Zomer 1997 ‘Elina” in de Prinsentuin te Leeuwarden
Mijn vader kocht de Elina – CH Kaars Sijpesteijn.
De eerste zeil tocht was op de Westeinder. De Elina met lange giek en kleine boomfok lag zwaar op het roer. Al snel, misschien nog die zelfde winter heeft mijn vader het tuig aangepast met Illingworth als vb ( oa Myth of Malham). Van de Stadt heeft de aanpassingen uitgevoerd. Het tuig werd een grote yankee / kleine yankee met een overlappende genua aan het binnen stag. Van de giek werd misschien wel 1.5 meter afgezaagd. Daarna lag de Elina perfect op het roer en heeft een aantal prijzen gewonnen in de aanbreng wedstrijd naar Harwich en misschien ook wel in de North Sea Race. Tijdens zijn school tijd heeft mijn vader bij de Voogt gewoont – vandaar de affiniteit! De motor was een Kermath 4 cylinder / benzine (Amerikaans)- Dirk heeft er later een (volvo?) diesel ingezet. Onze familie heeft enorm genoten van de Elina. Na de Elina kwam de Merlijn – Excalibur 36ft.
Mooie website!
Jan KS
ik heb een mooie foto gevonden van de Elina in Muiden, 1959. Kan ik deze per email sturen? Jan KS
Herfst 1964 heb ik de Elina van mijn neef Hein K.S. overgenomen. De tuigage was toen al kotter, maar de genua aan de binnen-voorstag was geen succes, zoals al door mijn voorganger vastgesteld. Ik voer met fok (binnen-voorstag) en yankee, een enkele keer met een later van C.H. K.S. overgenomen, grotere genua van de voorstag.
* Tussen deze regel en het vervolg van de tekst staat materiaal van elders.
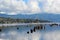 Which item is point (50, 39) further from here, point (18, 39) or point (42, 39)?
point (18, 39)

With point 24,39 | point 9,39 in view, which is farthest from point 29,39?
point 9,39

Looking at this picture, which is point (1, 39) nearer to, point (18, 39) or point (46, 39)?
point (18, 39)

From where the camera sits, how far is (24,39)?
242ft

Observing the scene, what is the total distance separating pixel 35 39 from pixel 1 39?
34.3 ft

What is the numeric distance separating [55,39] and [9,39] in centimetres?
1371

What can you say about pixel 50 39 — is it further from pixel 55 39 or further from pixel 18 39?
pixel 18 39

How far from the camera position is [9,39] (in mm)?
72125

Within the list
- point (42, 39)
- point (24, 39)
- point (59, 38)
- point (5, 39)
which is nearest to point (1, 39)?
point (5, 39)

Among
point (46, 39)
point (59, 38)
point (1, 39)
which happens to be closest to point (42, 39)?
point (46, 39)

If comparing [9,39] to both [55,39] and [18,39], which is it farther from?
[55,39]

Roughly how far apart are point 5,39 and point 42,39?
10.9 meters

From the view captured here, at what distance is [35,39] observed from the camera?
246ft

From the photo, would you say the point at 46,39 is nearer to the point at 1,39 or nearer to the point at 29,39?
the point at 29,39

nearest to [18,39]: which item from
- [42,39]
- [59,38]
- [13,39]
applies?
[13,39] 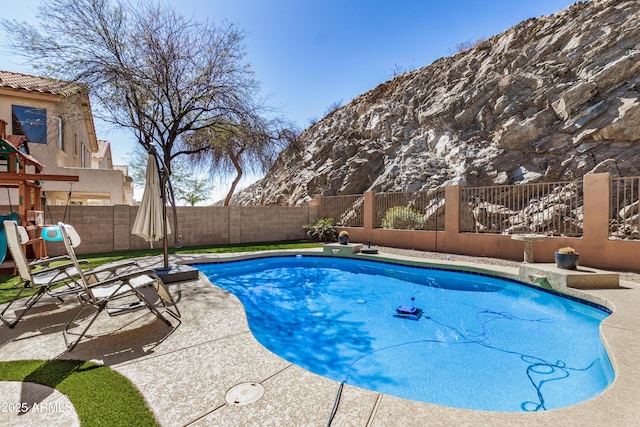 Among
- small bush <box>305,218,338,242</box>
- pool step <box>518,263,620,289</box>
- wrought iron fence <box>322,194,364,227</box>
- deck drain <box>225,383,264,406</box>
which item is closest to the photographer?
deck drain <box>225,383,264,406</box>

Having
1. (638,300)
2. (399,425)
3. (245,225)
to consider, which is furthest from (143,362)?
(245,225)

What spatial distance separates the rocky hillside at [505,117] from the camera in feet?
43.9

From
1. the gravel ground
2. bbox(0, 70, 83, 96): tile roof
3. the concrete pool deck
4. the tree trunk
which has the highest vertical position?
bbox(0, 70, 83, 96): tile roof

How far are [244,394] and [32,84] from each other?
1792 centimetres

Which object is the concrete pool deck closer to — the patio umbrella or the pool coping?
the pool coping

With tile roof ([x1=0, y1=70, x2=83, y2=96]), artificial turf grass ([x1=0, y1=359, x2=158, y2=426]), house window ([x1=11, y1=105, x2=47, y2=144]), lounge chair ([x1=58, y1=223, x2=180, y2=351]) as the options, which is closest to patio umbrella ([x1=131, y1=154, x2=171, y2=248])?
lounge chair ([x1=58, y1=223, x2=180, y2=351])

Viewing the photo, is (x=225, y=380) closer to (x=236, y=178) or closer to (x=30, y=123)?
(x=30, y=123)

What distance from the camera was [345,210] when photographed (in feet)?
45.8

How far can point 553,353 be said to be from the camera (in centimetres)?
354

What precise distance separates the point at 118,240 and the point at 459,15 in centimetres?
2064

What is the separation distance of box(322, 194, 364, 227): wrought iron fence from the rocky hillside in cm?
502

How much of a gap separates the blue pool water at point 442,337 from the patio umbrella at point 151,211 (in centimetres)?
210

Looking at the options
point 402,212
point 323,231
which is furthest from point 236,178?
point 402,212

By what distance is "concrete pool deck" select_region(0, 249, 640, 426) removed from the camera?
1.83 meters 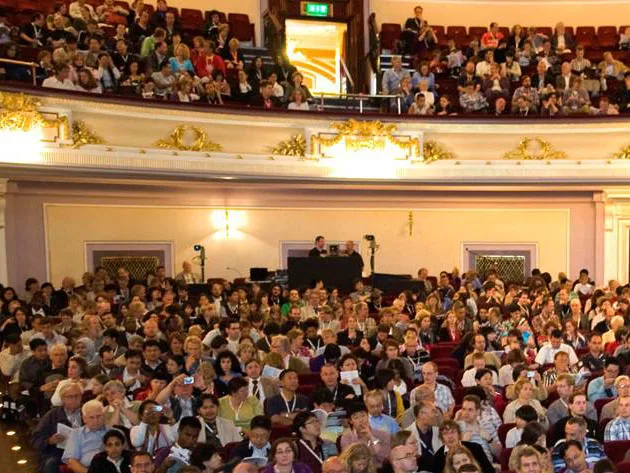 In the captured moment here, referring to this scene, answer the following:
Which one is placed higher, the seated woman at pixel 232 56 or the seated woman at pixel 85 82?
the seated woman at pixel 232 56

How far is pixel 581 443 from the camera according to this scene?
421cm

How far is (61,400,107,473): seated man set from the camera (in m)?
4.44

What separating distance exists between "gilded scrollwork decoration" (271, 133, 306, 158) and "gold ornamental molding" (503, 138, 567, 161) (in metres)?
3.39

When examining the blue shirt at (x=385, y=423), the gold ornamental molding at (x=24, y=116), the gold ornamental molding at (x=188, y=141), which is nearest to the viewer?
the blue shirt at (x=385, y=423)

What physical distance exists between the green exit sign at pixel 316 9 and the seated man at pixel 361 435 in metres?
11.3

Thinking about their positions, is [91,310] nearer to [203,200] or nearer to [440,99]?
[203,200]

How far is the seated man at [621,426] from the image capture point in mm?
4620

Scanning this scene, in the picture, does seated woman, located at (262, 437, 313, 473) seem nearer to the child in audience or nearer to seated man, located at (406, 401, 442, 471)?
seated man, located at (406, 401, 442, 471)

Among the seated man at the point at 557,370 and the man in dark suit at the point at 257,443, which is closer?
the man in dark suit at the point at 257,443

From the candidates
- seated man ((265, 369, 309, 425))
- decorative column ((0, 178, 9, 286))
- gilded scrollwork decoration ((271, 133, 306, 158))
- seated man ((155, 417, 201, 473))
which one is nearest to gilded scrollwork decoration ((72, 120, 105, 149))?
decorative column ((0, 178, 9, 286))

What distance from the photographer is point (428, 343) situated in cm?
732

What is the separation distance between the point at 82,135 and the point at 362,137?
4287mm

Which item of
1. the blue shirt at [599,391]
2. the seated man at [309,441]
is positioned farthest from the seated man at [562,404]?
the seated man at [309,441]

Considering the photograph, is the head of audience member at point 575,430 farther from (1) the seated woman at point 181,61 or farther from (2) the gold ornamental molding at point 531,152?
(1) the seated woman at point 181,61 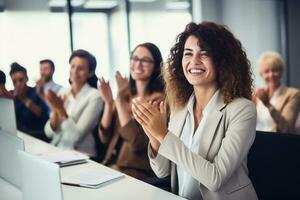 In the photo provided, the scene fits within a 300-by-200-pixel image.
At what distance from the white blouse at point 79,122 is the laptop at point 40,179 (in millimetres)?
1000

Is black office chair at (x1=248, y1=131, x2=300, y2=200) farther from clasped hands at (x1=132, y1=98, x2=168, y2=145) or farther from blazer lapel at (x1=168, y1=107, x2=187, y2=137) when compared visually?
clasped hands at (x1=132, y1=98, x2=168, y2=145)

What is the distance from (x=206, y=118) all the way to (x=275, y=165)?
290mm

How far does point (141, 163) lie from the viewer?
5.03 ft

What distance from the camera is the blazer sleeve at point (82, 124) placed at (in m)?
1.95

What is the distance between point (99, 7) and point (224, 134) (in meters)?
1.15

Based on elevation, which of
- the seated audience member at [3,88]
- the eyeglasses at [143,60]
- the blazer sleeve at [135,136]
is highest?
the eyeglasses at [143,60]

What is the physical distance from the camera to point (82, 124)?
2006 mm

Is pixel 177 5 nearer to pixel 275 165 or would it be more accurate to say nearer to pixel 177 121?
pixel 177 121

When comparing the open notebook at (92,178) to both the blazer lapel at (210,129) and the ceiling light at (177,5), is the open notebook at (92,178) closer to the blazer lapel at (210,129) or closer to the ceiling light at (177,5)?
the blazer lapel at (210,129)

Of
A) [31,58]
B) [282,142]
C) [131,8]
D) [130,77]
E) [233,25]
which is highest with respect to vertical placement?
[131,8]

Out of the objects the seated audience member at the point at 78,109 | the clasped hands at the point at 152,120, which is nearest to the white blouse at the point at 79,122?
the seated audience member at the point at 78,109

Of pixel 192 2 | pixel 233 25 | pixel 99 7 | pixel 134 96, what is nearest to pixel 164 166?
pixel 134 96

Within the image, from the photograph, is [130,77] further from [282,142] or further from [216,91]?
[282,142]

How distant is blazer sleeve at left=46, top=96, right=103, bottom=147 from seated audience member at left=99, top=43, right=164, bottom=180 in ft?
0.44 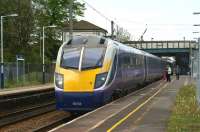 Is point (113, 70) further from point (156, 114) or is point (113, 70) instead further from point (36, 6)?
point (36, 6)

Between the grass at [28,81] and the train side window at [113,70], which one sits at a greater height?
the train side window at [113,70]

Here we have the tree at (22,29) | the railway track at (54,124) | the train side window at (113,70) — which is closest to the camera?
the railway track at (54,124)

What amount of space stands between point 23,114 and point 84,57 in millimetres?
5813

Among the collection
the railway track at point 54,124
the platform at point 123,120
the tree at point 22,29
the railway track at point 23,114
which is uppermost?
the tree at point 22,29

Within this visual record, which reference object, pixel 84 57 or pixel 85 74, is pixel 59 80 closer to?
pixel 85 74

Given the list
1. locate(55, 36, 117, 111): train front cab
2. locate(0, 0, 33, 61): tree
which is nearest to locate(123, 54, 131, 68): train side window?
locate(55, 36, 117, 111): train front cab

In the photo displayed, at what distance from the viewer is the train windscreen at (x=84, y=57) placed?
22.2 meters

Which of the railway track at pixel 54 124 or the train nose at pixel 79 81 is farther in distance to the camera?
the train nose at pixel 79 81

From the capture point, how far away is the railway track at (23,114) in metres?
23.8

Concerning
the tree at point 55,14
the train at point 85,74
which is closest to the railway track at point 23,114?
the train at point 85,74

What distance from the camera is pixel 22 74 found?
2274 inches

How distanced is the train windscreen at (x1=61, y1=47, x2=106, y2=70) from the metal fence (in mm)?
31886

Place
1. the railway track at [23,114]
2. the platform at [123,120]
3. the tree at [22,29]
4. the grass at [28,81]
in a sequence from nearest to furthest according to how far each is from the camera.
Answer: the platform at [123,120] → the railway track at [23,114] → the grass at [28,81] → the tree at [22,29]

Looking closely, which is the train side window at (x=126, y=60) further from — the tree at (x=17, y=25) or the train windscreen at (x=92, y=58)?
the tree at (x=17, y=25) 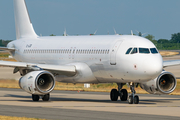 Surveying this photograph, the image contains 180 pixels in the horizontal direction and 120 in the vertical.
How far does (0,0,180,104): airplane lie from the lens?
2894 centimetres

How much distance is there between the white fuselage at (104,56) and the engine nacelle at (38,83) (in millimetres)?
3196

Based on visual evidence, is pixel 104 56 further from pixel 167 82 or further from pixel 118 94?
pixel 167 82

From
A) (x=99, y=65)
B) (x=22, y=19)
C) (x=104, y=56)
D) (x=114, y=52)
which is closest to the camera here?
(x=114, y=52)

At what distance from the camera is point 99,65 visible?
1241 inches

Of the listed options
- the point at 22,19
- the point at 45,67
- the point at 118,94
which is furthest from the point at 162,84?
the point at 22,19

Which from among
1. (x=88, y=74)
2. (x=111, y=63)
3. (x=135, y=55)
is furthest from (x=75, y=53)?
(x=135, y=55)

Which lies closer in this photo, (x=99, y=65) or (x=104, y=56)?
(x=104, y=56)

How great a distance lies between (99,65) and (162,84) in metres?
5.37

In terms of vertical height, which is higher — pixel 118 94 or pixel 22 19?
pixel 22 19

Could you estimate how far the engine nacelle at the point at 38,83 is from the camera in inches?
1208

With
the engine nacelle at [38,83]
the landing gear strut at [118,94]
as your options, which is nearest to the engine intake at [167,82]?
the landing gear strut at [118,94]

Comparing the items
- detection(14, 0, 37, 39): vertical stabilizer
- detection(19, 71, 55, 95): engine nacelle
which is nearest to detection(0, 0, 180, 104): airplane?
detection(19, 71, 55, 95): engine nacelle

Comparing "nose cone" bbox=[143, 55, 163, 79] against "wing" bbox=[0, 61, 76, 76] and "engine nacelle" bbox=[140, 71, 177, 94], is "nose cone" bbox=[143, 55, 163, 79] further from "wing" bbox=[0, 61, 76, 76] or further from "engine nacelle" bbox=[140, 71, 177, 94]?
"wing" bbox=[0, 61, 76, 76]

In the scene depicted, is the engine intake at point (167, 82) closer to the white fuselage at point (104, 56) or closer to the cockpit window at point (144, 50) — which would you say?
the white fuselage at point (104, 56) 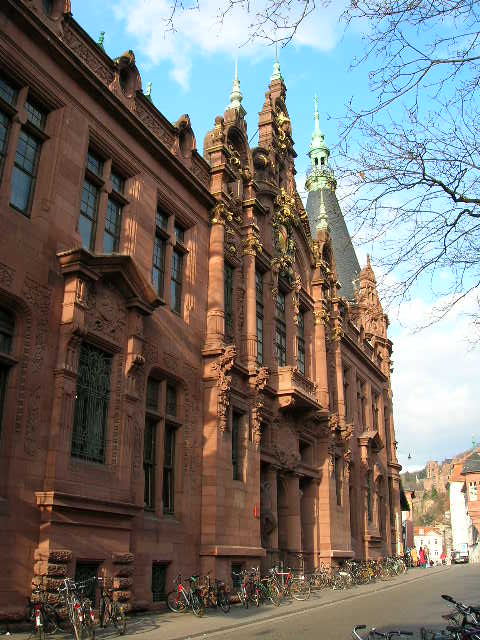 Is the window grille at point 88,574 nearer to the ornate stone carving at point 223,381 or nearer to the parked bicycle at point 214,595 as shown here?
the parked bicycle at point 214,595

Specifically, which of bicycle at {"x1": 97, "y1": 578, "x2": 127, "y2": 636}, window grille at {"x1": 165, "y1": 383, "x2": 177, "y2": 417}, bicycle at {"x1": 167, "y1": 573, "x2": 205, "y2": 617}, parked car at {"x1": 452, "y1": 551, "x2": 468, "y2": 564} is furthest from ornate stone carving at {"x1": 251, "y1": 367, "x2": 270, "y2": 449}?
parked car at {"x1": 452, "y1": 551, "x2": 468, "y2": 564}

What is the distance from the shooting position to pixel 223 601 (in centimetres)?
1797

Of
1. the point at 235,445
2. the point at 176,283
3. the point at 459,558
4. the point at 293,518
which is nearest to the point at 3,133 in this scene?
the point at 176,283

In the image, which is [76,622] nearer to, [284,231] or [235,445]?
[235,445]

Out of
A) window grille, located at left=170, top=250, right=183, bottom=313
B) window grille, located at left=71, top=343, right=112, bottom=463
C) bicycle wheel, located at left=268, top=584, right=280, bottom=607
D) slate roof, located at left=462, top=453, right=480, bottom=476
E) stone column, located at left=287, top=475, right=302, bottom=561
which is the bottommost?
bicycle wheel, located at left=268, top=584, right=280, bottom=607

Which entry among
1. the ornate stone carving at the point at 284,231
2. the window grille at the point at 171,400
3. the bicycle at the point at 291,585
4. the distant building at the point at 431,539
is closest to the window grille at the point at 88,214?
the window grille at the point at 171,400

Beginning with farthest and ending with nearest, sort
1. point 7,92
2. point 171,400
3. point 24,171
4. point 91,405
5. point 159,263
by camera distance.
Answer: point 159,263
point 171,400
point 91,405
point 24,171
point 7,92

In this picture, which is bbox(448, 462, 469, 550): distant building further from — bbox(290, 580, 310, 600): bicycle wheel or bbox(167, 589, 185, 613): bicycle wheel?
bbox(167, 589, 185, 613): bicycle wheel

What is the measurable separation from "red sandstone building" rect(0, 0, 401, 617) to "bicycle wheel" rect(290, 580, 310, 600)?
4.12 ft

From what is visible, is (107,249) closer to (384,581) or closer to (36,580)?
(36,580)

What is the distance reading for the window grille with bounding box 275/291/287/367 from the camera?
90.3ft

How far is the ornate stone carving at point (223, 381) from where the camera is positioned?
67.3 ft

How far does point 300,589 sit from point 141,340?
1182 cm

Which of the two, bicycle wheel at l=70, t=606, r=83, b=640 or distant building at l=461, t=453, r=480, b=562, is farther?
distant building at l=461, t=453, r=480, b=562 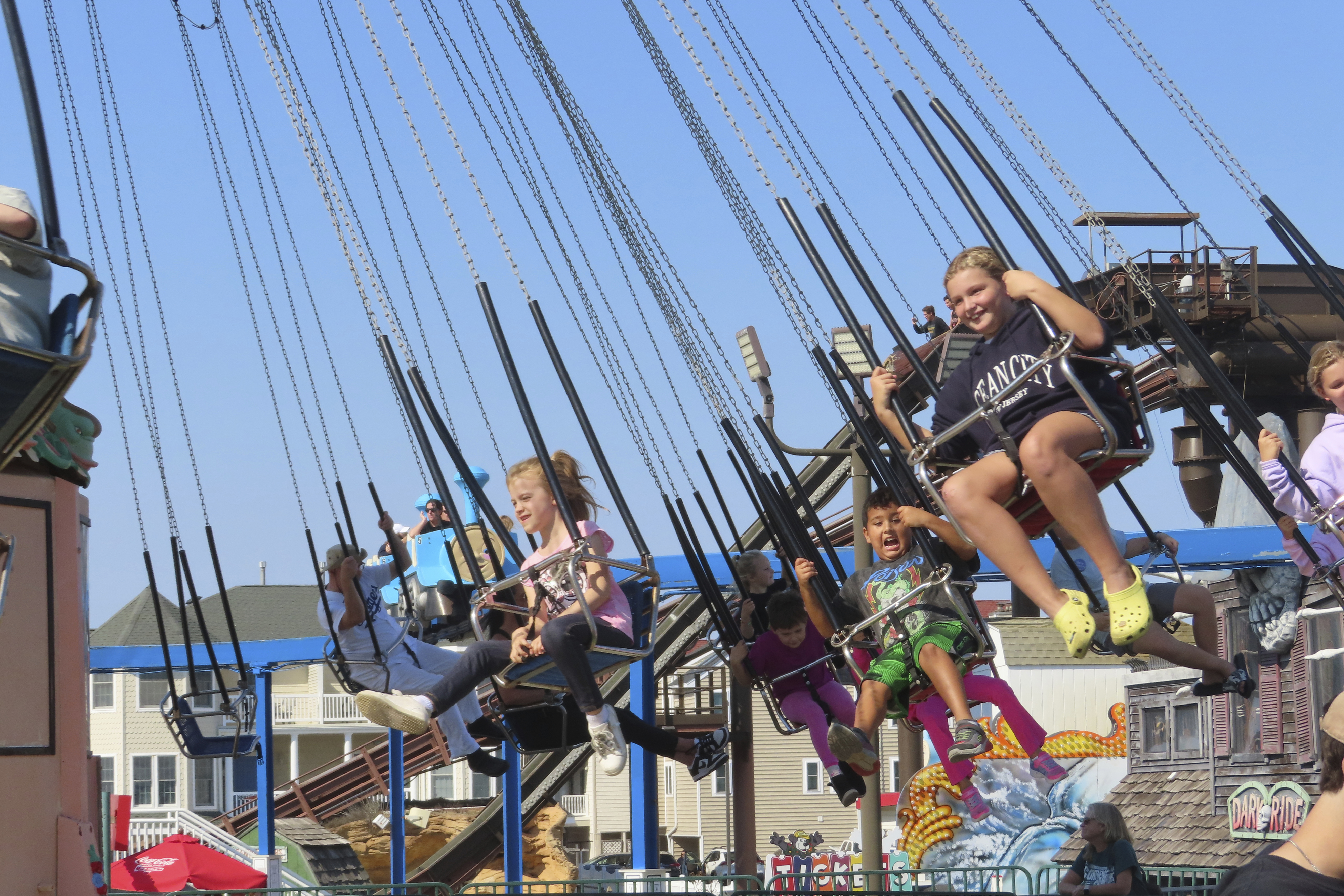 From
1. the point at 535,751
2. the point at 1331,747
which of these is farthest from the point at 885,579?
the point at 1331,747

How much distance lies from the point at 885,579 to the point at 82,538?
4.56 metres

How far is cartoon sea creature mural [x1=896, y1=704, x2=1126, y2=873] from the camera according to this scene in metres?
21.7

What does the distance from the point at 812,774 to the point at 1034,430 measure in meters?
38.9

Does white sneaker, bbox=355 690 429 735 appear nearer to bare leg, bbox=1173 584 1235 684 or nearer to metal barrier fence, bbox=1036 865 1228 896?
bare leg, bbox=1173 584 1235 684

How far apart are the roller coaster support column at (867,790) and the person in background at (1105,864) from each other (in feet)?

Een aantal jaren later is na ronding van Portland Bill de binnen-voorstag, die niet in één rechte lijn door het dek heen aan de romp was bevestigd, los geslagen, waardoor de top van de mast is gebroken, daar waar de voorstag er aan bevestigd was. Ik heb toen in Cowes een aluminium mast en giek laten plaatsen.(makkelijk reven en minder top-zwaar)
Zomer 1989 heb ik, na 25 jaar, de Elina verkocht.
Correctie op bovenstaand:
de aankoop-en verkoopdata zijn elk 1 jaar later.